A 13ª Marcha dos Sem, realizada nesta quinta-feira, 16, em Porto Alegre, reuniu cerca de 8 mil trabalhadores e terminou com agressões da Brigada Militar, em frente ao Palácio Piratini.

A Marcha deste ano teve um caráter reivindicatório e denunciatório, tendo como lema “A Defesa da Dignidade Humana”. Além da CUT, a Marcha dos Sem contou com a participação do MTD, Conlutas, Via Campesina entre outras entidades do movimento social organizado. Como não poderia ser diferente, os trabalhadores metalúrgicos também participaram e foram solidários aos militantes covardemente reprimidos pela ação terrorista da Brigada Militar.

A Marcha, coordenada pela Central única dos Trabalhadores (CUT-RS) e a Coordenação dos Movimentos Sociais (CMS-RS) encerrou o dia de mobilização que uniu trabalhadores do campo e da cidade. A concentração teve início às 13h, atrás do Instituto de Educação e, às 14h, seguiu em direção ao Centro Administrativo, onde servidores estavam realizando um ato em defesa do Piso Salarial Nacional, dos atuais planos de carreira (professores e funcionários de escola), pelo aumento salarial, defesa do IPE Público, entre outros pontos de reivindicação.

Em frente ao Centro Administrativo houve apresentação teatral do grupo formado por integrante do Levante da Juventude, Levante da Favela, MST e MTD. Após, a Marcha seguiu para o Palácio Piratini, passando pela avenida Borges de Medeiros e rua Jerônimo Coelho, até chegar na Praça da Matriz. A Brigada Militar acompanhou toda a caminhada.

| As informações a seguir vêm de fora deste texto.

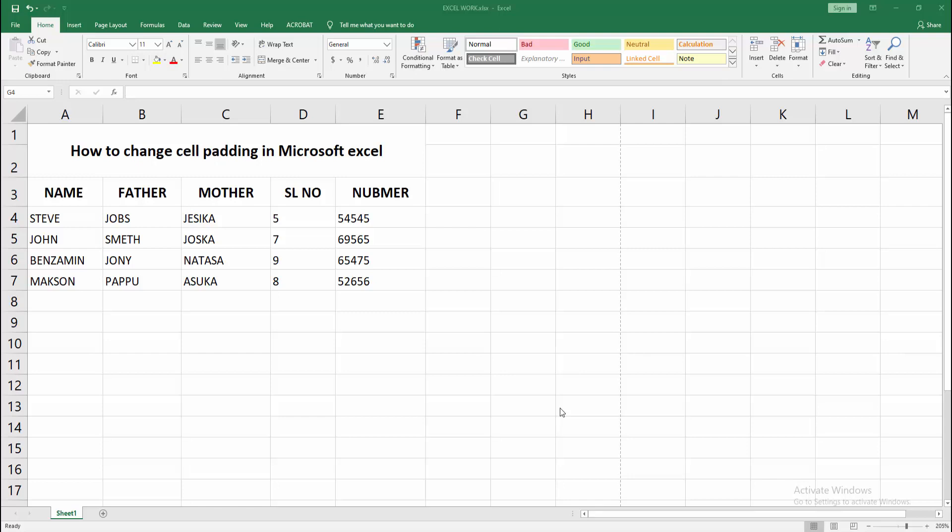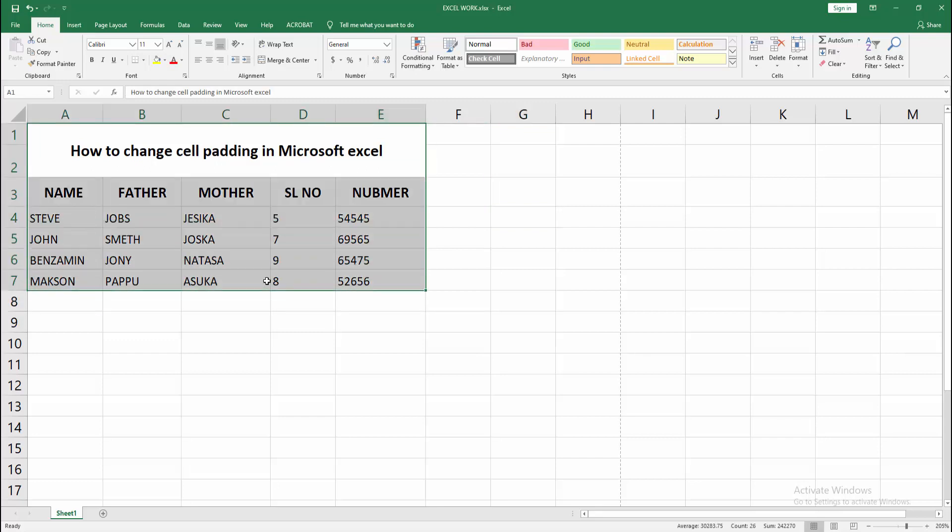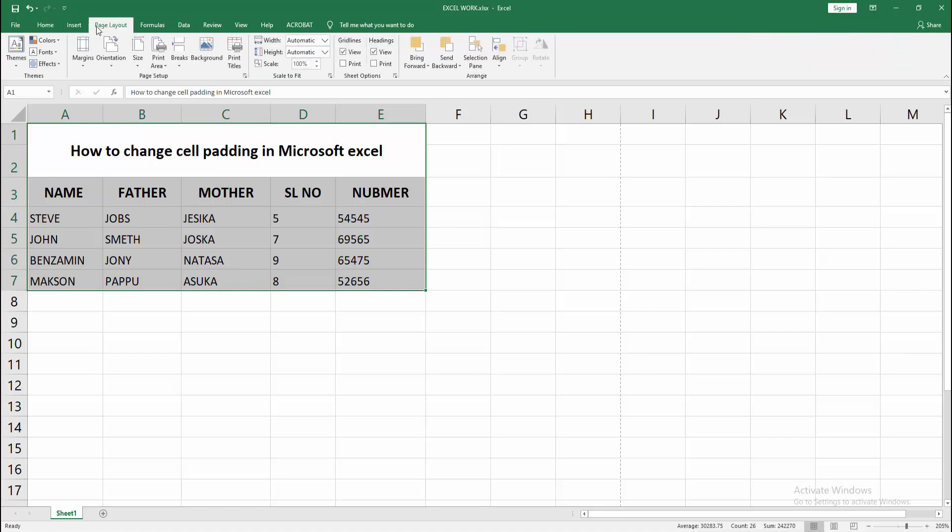At first, you have to open your Excel workbook. Now we want to change the cell padding. First, select your cell. Click and drag with your mouse, then go to the Page Layout menu.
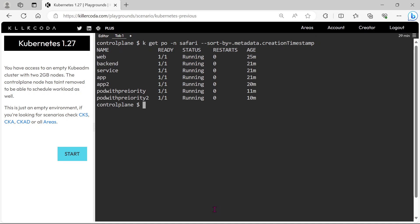Actually, the question is not to just display the pods sorted. The question is to save the command into a file, so be careful answering this type of questions.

Brigada Militar agride manifestantes

Ao chegar em frente ao Palácio Piratini, o pelotão de choque da Brigada Militar bloqueou a passagem do carro de som que acompanhava a marcha. Os policiais agiram com violência, agrediram os manifestantes, pelo menos três bombas de efeito moral foram lançadas contra os trabalhadores e balas de borracha também foram usadas pelos PMs. A confusão resultou em 17 manifestantes feridos e encaminhados a hospitais da região.

A Brigada Militar também agiu de forma violenta com os deputados estaduais, Raul Carrion (PC do B), Marisa Formolo (PT), Ronaldo Zulke (PT), Raul Pont (PT) e Dionilso Marcon (PT), que estavam no local e tentavam liberar a passagem do carro de som e dos manifestantes, já que a manifestação tinha caráter ordeiro e pacífico.

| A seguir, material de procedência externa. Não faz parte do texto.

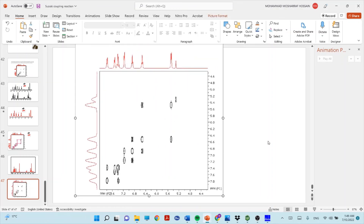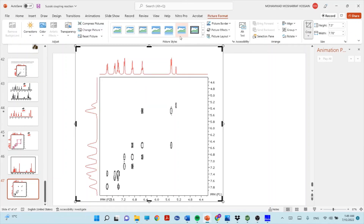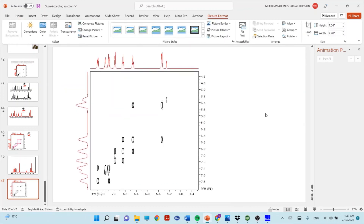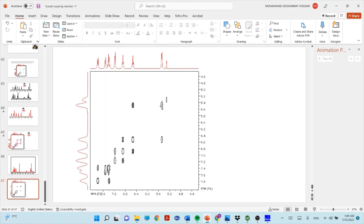Paste the spectrum into your Word or PowerPoint file. You can resize it by cropping. You'll see a nice 2D COSY NMR spectrum. The peaks along the diagonal are called diagonal peaks — those represent the real peaks of the compound. The cross peaks, which appear away from the diagonal, always appear as mirror images of each other. Those correlated cross peaks indicate that the two corresponding protons are adjacent to each other.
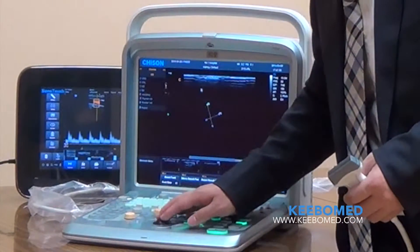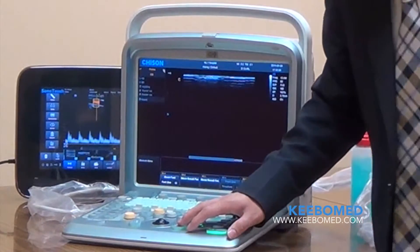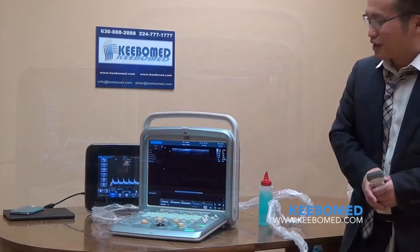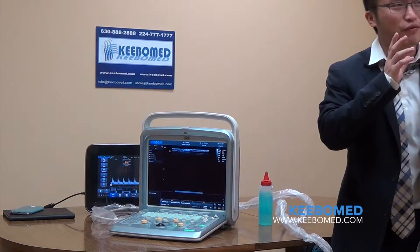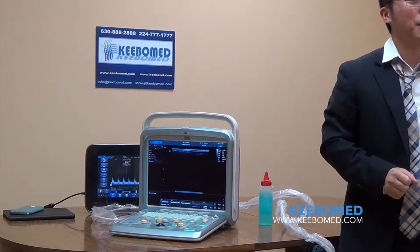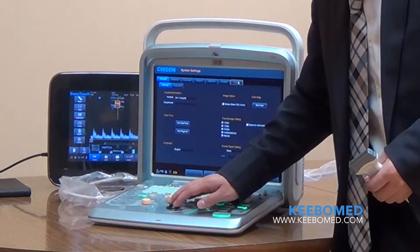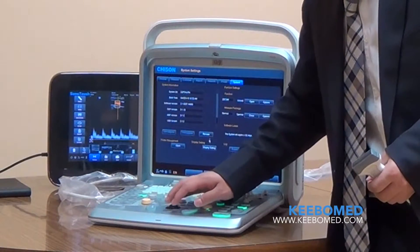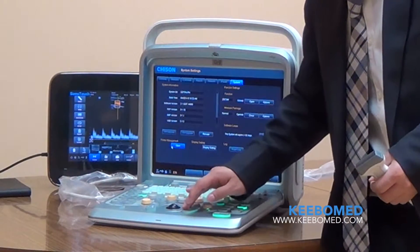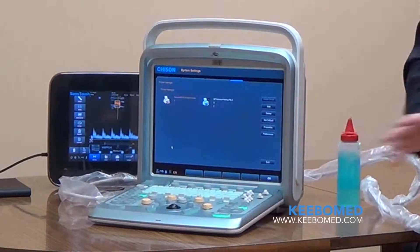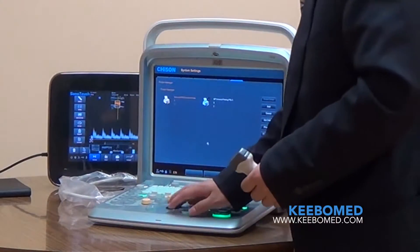We have different packages for different animals. We have canine, organ, and feline options. For print support, this system can support both video print and PC print. Especially for PC print, we allow the customer to install the PC grabber themselves — not like the traditional approach. So that covers the print functionality.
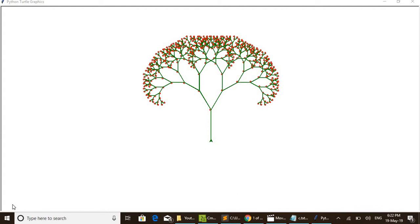Hello, welcome back to Easy Wonders. Here you can see a recursive tree done using Python turtle graphics. I will explain the code, but first I will show you how it executes and draws this wonderful tree with flowers, then I will explain the code.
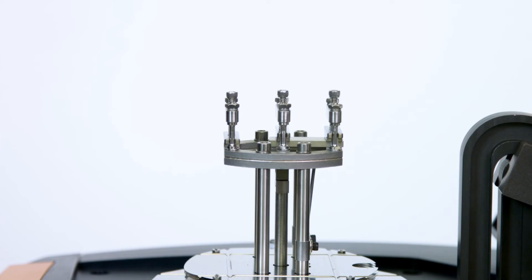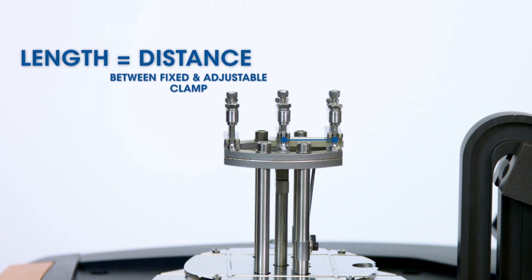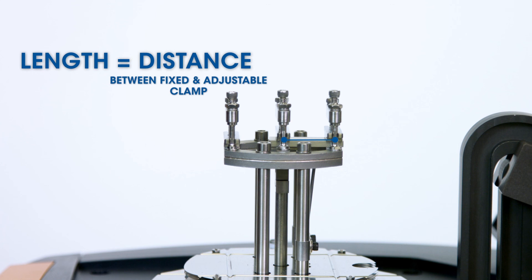Please note that when using a single cantilever clamp, the length of the sample is the distance between the fixed and the movable clamp. You should measure the actual sample length after you load the sample to the clamp.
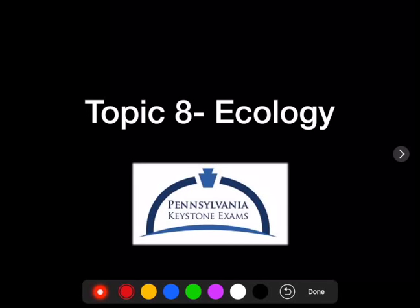Hey guys, this is Mr. O'Brien again, and this is your last video for the Keystone Biology Review. This is Topic 8, and this covers ecology.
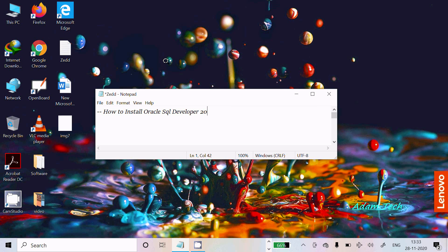Hello friends, in this video lecture I'm going to discuss how to install Oracle SQL Developer 20 into Windows 10 operating system.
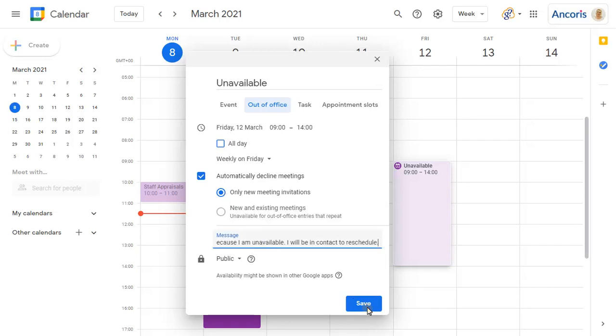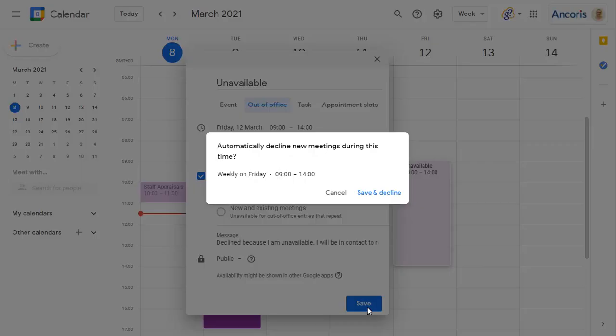Click on Save, then confirm that you want to decline any meeting scheduled during this time each week.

O presidente da CUT-RS, Celso Woyciechowski lamentou que a Marcha dos Sem tenha terminado dessa forma. “Conseguimos realizar uma manifestação pacífica até aqui. Mas ainda hoje, será noticiado esse triste papel que a Brigada Militar e a governadora Yeda estão fazendo”.

Já com o carro de som em frente ao Palácio Piratini, a diretora do CPERS/Sindicato, Rejane de Oliveira repudiou a forma como os manifestantes foram recebidos. “Nos temos um governo que sucateia o patrimônio público e criminaliza os movimentos sociais. Só os covardes usam da violência para governar”, declarou.

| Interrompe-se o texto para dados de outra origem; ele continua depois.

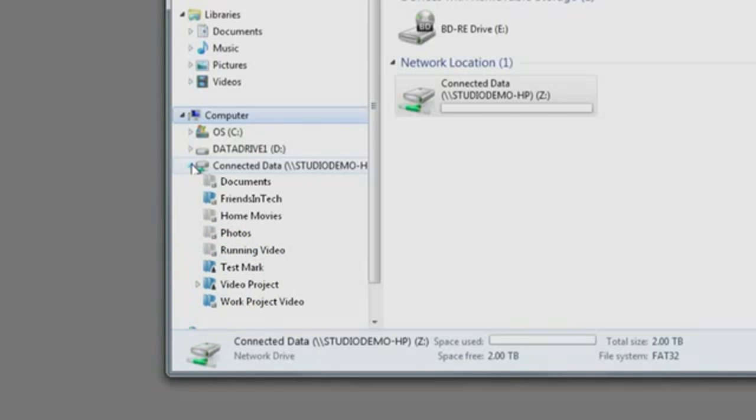Folders with the Transporter icon in the lower right are stored on Transporter. Your access is over the network.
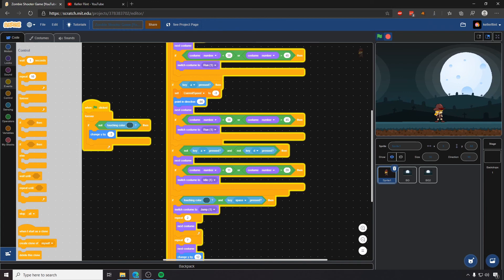So that was a pretty short one. And the next one will be much more complicated. In the next video, we're going to talk about creating our zombie enemies using clones, and then we're going to make them move against our scrolling backdrop.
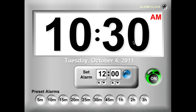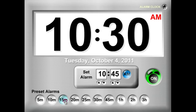Another way you can set the timer is to use these preset alarm buttons down across the bottom. So if it's 10:30 now, and I know in 15 minutes I want an alarm, I'll go ahead and hit this 15-minute button. It'll set the alarm for 10:45.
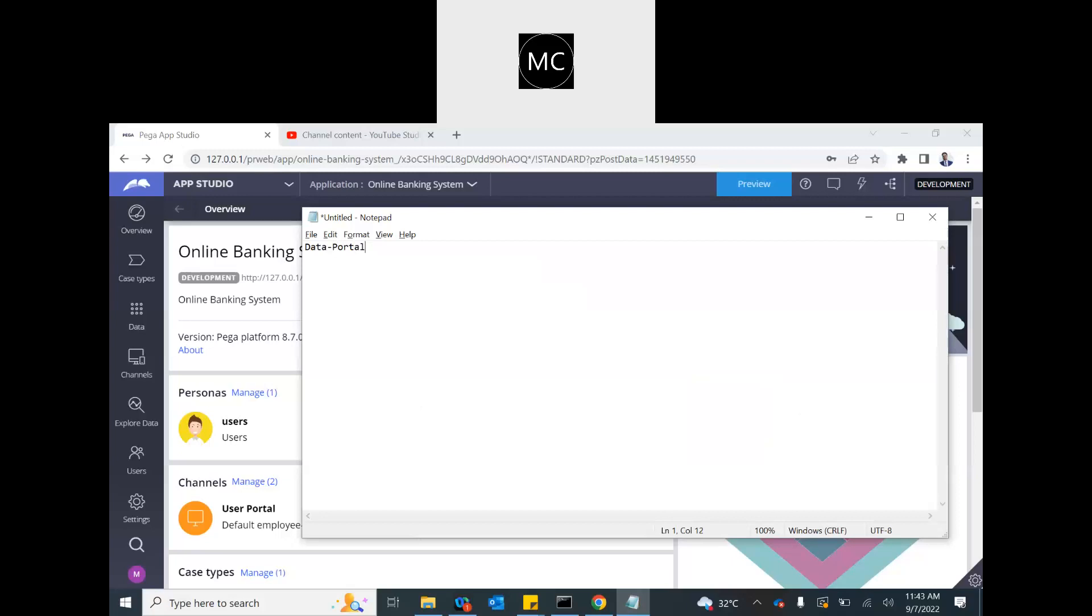Portals are nothing but channels through which users interact with our application. Now in every application, when you set up your application, Pega creates class structure for you. It usually goes like organization, app name, and then work. That's your work pool.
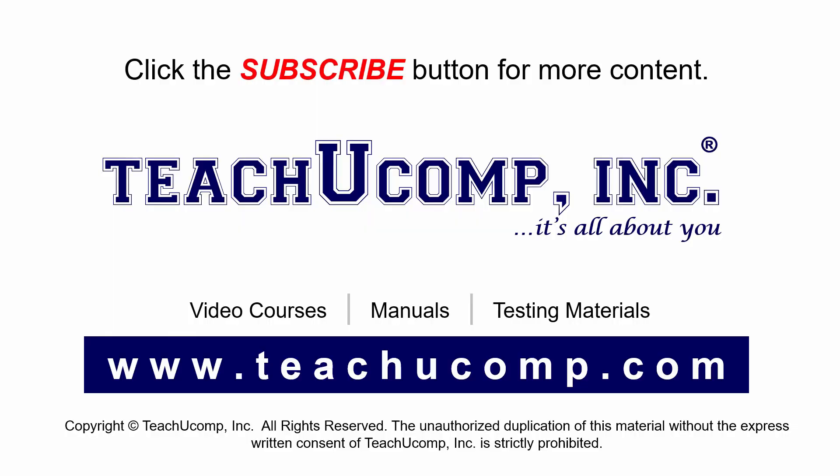Remember to click the subscribe button to see more of our videos. Get ad-free courses at teachucomp.com.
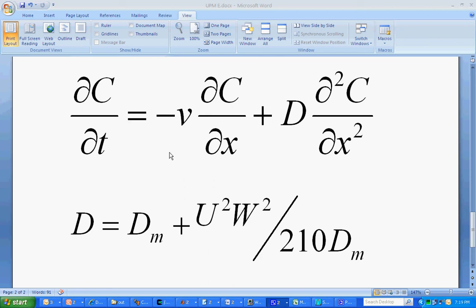The last step is to determine if the dispersion coefficient that we've just fitted, which is part of the convection-dispersion equation here, with the two parameters, the velocity and the dispersion,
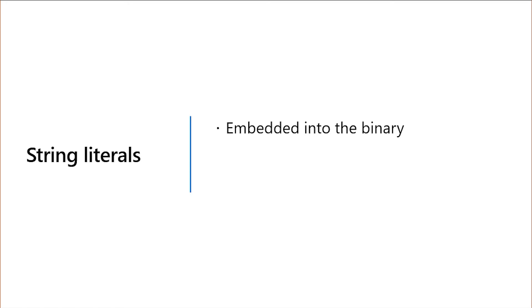You may have seen that string literals are of type string slice. Now we have tools to talk about why. String literals are embedded directly into the binary executable or library you're building. We can't treat them as capital S Strings because we can't own this data. Instead, they are string slices or views into the binary string data section.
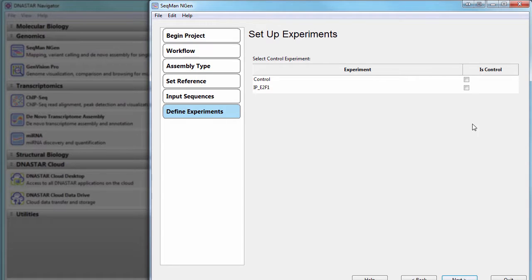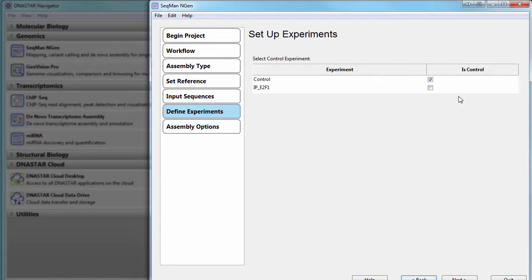Next, I'll just specify which experiment is my control. During assembly, the ChipSeq peak detection algorithm will subtract out the control signal to identify experimental peaks that rise above background noise.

No ato de encerramento, Woyciechowski agradeceu aos trabalhadores que não responderam com violência e lembrou que foi uma vitória conseguirem realizar a Marcha até aquele momento. “Temos que ter na consciência e no coração, que cada trabalhador que teve a atitude de dizer não a violência é um guerreiro”, disse. A manifestação foi encerrada com os manifestantes de mãos dadas e cantando o hino do Rio Grande do Sul.

Durante toda a quinta-feira, os trabalhadores se mobilizaram contra a criminalização dos movimentos socias, a corrupção no governo Yeda, a crise dos alimentos e o ataque as servidores e aos serviços públicos.